Mesmo com saudade da família, que vive em Vera Cruz, Cíntia tem receio de sair do país. “Estive no Brasil no final de 2019 e desde então não fui mais. Tenho um pouco de receio de ir porque não sei se conseguiremos voltar. O preço da passagem está absurdamente caro e é preciso pedir autorização de entrada para o governo. Tenho amigos aqui que foram visitar a família assim que a pandemia começou e não puderam retornar por mais de um ano. Só conseguiram retornar recentemente, depois de muitas tentativas e vários pedidos negados”, destaca.

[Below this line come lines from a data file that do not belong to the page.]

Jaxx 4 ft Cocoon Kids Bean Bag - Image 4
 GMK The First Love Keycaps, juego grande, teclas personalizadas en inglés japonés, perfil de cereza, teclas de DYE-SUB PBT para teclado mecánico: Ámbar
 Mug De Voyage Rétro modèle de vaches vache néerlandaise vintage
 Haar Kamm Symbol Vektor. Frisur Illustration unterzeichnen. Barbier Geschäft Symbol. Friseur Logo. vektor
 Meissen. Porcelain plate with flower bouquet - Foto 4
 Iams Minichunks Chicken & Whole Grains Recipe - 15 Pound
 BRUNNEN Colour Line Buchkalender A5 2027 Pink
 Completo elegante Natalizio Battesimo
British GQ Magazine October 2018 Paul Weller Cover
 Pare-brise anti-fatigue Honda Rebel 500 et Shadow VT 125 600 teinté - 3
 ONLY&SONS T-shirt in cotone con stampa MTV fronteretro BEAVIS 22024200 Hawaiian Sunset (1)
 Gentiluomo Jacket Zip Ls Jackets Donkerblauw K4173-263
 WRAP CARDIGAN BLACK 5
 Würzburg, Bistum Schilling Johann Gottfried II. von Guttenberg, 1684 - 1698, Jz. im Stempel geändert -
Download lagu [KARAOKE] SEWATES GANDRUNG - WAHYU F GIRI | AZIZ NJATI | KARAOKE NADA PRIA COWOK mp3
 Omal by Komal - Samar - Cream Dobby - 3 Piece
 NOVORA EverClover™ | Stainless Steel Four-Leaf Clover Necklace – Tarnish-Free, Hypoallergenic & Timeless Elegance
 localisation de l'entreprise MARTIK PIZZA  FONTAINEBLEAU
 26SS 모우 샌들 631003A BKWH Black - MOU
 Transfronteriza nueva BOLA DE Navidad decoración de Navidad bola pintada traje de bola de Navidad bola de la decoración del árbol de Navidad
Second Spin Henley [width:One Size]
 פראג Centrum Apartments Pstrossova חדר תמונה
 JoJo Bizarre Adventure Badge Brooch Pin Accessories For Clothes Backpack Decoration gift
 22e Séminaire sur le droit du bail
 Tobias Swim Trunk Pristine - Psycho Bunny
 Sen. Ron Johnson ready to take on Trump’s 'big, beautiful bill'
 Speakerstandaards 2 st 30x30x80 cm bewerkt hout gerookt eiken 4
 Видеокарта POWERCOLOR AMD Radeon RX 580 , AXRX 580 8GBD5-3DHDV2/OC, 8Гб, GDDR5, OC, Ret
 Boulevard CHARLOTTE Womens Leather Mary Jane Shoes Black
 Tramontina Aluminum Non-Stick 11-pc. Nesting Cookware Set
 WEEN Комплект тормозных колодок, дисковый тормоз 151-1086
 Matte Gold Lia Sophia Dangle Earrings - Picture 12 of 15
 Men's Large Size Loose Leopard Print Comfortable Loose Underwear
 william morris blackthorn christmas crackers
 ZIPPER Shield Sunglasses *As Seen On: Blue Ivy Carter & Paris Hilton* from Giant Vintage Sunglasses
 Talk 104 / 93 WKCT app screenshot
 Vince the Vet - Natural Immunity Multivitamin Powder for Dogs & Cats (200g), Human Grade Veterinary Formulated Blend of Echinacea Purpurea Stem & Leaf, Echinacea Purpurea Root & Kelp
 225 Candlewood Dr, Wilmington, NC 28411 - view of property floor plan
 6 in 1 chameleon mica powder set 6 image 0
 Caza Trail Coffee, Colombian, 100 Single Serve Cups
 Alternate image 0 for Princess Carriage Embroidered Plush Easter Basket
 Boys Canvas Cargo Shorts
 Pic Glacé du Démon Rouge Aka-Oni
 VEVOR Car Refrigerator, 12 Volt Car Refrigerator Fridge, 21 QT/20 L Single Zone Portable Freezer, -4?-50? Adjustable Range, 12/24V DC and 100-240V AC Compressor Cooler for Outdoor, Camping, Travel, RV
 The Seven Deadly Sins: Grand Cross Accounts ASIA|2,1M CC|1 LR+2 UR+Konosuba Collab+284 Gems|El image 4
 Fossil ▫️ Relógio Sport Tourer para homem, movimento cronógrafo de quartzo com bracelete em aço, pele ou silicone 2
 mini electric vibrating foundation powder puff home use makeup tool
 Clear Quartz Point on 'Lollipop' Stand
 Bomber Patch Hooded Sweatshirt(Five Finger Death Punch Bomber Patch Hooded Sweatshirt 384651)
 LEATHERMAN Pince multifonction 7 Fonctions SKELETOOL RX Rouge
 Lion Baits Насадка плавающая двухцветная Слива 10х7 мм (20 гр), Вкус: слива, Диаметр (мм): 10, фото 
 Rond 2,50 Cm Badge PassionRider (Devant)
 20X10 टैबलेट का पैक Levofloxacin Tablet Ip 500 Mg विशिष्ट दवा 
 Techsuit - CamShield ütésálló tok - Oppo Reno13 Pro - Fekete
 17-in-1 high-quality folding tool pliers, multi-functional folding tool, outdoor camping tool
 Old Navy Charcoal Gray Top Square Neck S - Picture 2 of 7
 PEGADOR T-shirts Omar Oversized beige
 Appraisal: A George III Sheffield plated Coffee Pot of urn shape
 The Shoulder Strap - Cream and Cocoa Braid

Assim como no Brasil, o regime tem governadores, e mesmo que opositores ao regime nacional, isso não é empecilho para atuarem juntos. “Desde o início me senti muito segura e grata por estar aqui durante esta pandemia. Nosso governador é de partido oposto ao Primeiro Ministro. Isso nunca foi um empecilho. Eles sempre trabalharam juntos para o bem da população. Só precisamos usar a máscara de forma obrigatória em dois episódios, em que pessoas que estavam nos hwotéis de quarentena testaram positivo. Mesmo essas pessoas não saindo e a transmissão não ocorrendo, nós usamos a máscara, para evitar o possível contágio. Um homem pagou uma multa de 20 mil dólares por se negar a usar a máscara em local público. Saber que as leis são respeitadas nos deixa seguros”, conta.
Cíntia finaliza refletindo sobre atitude. “Quando a pandemia começou tivemos lockdown. Somente mercados, farmácias e postos de gasolina ficaram abertos. Foram mais de 10 meses sem casos de Covid-19. As festas estão acontecendo, com público de até 2 mil pessoas em um mesmo ambiente. Acredito que essa pandemia está longe de acabar, mas se as pessoas se conscientizarem de que, além da gente, precisamos nos preocupar com o próximo, tudo vai acabar mais rápido”, conclui.